Listen to this report. The words are straight from the Bible.
Twelve men have just returned from spying out the land God promised them, and they hold the proof in their hands.
"Then they [12 spies] told him, and said: 'We went to the land where you sent us. It truly flows with milk and honey, and this is its fruit.'" (Numbers 13:27)
Four verses earlier, it says that they found one cluster of grapes on a vine so big, that it took two soldiers to carry it. "This is its fruit!"
This is the report of the spies... and it's so exciting. For one fleeting moment, they believe that future abundance is real! The potential is massive! The promise is not a fantasy!
God's vision for their Future Selves was not just a place, but a new identity.
God gave them a line that he repeated over and over: "A land flowing with milk and honey" (Exodus 3:8, Leviticus 20:24, Numbers 13:27, Deuteronomy 6:3). This wasn't just poetry.
Milk represented abundance, prosperity, and life. It spoke of lush pastures and healthy livestock. It was the picture of stable prosperity.
Honey represented sweetness, delight, and natural blessing. It was the picture of a land so fertile and good that joy dripped from the trees.
Then God filled in the picture with rich detail. It was...
A "good and spacious land" (Exodus 3:8) — a direct contrast to their cramped slavery back in Egypt.
A land of ownership and rest, where they would have their own homes, vineyards, and wells (Deuteronomy 6:10-11) — a contrast to their homelessness of their slavery and their wanderings.
A land of incredible variety and fruitfulness: "a land of wheat and barley, of vines and fig trees and pomegranates, a land of olive oil and honey" (Deuteronomy 8:8).
God was painting a picture of them as Heirs of a kingdom. Not dependents. Not victims. Not slaves. But possessors of riches above all they could ask or think.
But then comes the pivot. The voice of four hundred years of slavery comes roaring back, and it always starts with one word: "BUT."
"BUT the people who dwell in the land are strong; the cities are fortified and very large; moreover we saw the descendants of Anak [giants] there." (Numbers 13:28)
That sound you hear is the sound of a future self drowning and fighting to stay afloat.
It is the voice that acknowledges heaven's promise, but bows before earth's problem.
It's the voice that says, "Yes, God's future is beautiful, BUT earth's giants are just too big."
And it culminates in the most tragic, soul-crushing self-portrait ever painted. Listen to their confession:
"There we saw the giants... and we were like grasshoppers in our own sight, and so we were in their sight." (Numbers 13:33)
STOP. Do you hear that? That is the lie that locks a person in a wilderness. That is the curse you put on yourself to forfeit a future. They looked at the giants, and instead of saying, Oh, a giant? That just makes them bigger targets for God!

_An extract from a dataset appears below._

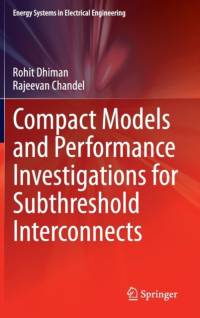 Compact Models and Performance Investigations for Subthreshold Interconnects av Rohit Dhiman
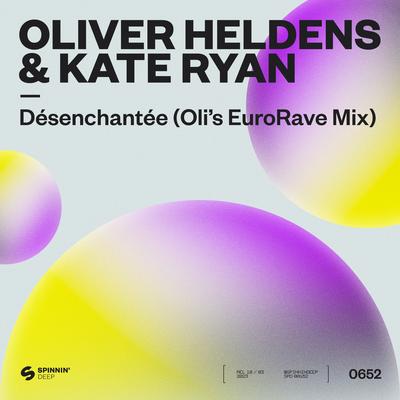 Désenchantée (Oli’s EuroRave Mix) By Oliver Heldens, Kate Ryan's cover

Instead of that, they said, we are just too small.
Grasshoppers. That was their identity. And therefore, that was their destiny. Because don't you know that your identity shapes your destiny. To embrace the label of grasshopper is to embrace the destiny of a desert.
There are three voices speaking into every human soul. They're speaking to your soul right now, today. These are the voices of...
Your Past Self, your Present Self, and your Future Self.
Your Past Self is whispering the grasshopper story in your ear, pointing to the giants of your addiction, your fear, your inadequacy, your traumas, heartbreaks, losses, and failures.
But your Future Self is describing a very different possibility. Your future self can see on the horizon your very own Promised Land.
Abundance, prosperity, and life. Sweetness, delight, and natural blessing. A life so good that joy drips from the trees.
Your Future self is designed for this land.
Your Father in heaven adds his own voice, and he declares over YOU today: This is how I see you, he says. A God-blessed life. An abundant life.
This is your victory, your glory, your destiny, your story, your hope. This is your massive potential as a child of God, a child of heaven, a child of mine. And your future self is saying, yes, please, that's for me.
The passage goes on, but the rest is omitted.